**RECORDS:**
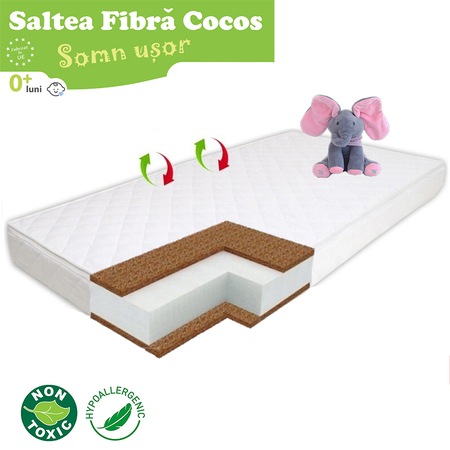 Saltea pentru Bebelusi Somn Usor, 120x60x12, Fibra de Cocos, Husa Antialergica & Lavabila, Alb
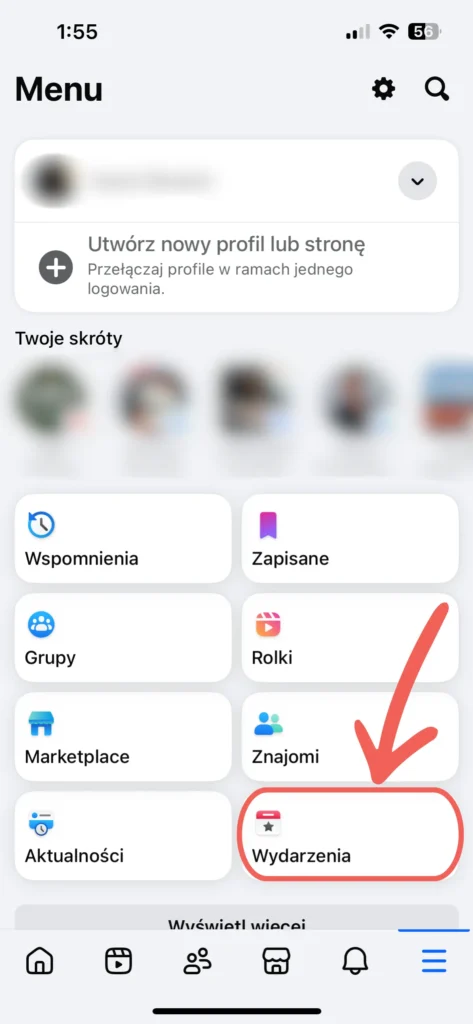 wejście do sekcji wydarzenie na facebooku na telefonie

--

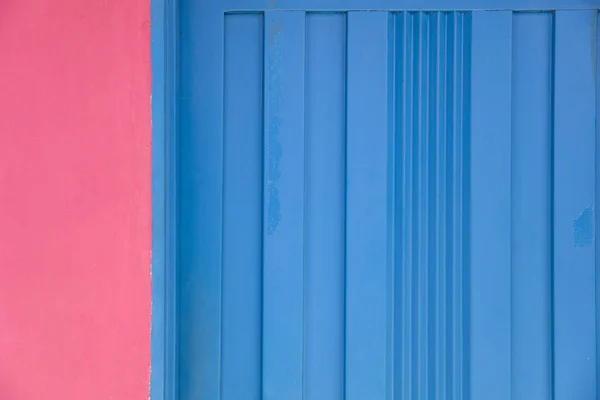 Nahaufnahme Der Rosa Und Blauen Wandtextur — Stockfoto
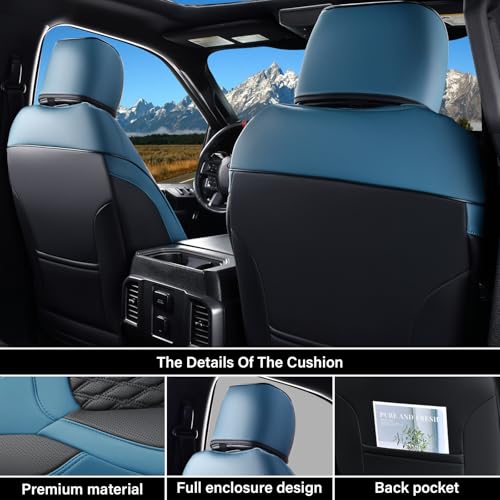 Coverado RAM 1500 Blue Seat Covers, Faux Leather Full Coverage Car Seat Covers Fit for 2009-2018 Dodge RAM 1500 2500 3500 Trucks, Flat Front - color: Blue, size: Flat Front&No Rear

**WHAT IS NEEDED:** No picture is to be printed. Output exactly the lines above from the line containing "Saltea pentru Bebelusi" through the line containing "wejście do sekcji".

**REPLY TO THE TASK:**
 Saltea pentru Bebelusi Somn Usor, 120x60x12, Fibra de Cocos, Husa Antialergica & Lavabila, Alb
 wejście do sekcji wydarzenie na facebooku na telefonie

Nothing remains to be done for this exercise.